BBLNWR stands for Black Bayou Lake National Wildlife Refuge. It is 4,200 acres of biodiversity and beauty, and I am beyond grateful that I live just a 20-minute drive away. Facilities like the Environmental Education Center and the Visitor’s Center closed down due to the pandemic, but trails remained open. I and the small numbers of other hikers had no trouble keeping safe distances from each other. It became my escape from the confines of the house.
I mentioned in yesterday’s post that delightful surprises happen in creature photography. So I spied a damselfly on a blade of grass growing in shallow water at the edge of the lake. But it was only after a few frames that I realized I was photographing a damselfly that had just emerged from it’s “naiad,” or larval, stage.
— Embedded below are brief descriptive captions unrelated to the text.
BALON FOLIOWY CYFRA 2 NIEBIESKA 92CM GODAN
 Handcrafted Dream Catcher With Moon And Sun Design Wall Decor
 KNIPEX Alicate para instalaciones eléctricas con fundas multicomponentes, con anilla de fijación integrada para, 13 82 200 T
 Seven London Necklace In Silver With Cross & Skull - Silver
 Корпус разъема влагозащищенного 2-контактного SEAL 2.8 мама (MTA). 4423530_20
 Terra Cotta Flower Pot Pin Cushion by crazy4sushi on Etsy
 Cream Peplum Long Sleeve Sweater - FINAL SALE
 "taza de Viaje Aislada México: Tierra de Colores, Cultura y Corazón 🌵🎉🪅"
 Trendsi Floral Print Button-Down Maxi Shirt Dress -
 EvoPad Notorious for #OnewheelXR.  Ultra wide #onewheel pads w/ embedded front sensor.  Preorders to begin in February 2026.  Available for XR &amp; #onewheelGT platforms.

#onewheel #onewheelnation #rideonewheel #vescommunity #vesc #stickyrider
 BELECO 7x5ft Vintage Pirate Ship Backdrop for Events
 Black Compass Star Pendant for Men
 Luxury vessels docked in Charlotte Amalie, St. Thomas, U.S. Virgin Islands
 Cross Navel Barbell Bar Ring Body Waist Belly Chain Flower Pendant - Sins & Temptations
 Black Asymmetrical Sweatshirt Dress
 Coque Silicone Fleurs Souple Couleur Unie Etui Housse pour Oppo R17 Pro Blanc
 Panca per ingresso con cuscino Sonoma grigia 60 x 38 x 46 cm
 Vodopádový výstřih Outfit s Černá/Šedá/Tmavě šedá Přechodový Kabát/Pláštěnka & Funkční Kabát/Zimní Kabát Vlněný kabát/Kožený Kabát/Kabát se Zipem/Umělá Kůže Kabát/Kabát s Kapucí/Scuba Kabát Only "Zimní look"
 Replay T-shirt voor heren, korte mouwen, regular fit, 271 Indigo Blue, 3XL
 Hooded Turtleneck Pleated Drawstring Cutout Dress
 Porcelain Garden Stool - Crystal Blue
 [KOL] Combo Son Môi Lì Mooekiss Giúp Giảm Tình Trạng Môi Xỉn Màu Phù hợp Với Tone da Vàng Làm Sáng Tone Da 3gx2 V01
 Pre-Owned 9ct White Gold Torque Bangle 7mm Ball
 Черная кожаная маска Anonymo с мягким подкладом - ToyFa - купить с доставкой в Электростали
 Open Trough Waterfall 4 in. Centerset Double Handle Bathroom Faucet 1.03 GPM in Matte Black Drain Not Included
A damselfly (and a dragonfly) that has just emerged is called a “teneral.” While this one perched over its discarded exoskeleton waiting for its wings to dry, I leaned in as close as I could without getting my feet wet (well, maybe a little) and clicked away. What an extraordinary moment to witness!
BTW, damselflies are tiny, their bodies thread-like. Learning to see them at all takes some practice. You are seeing this one through a macro lens, and putting a ruler up against a damselfly to show scale is not an option! Just remember, that’s a blade of grass perhaps an eighth of an inch wide.
Now try to think about how that entire body–head, wings and all–fit inside that exoskeleton (now called “exuvia”). Fascinating.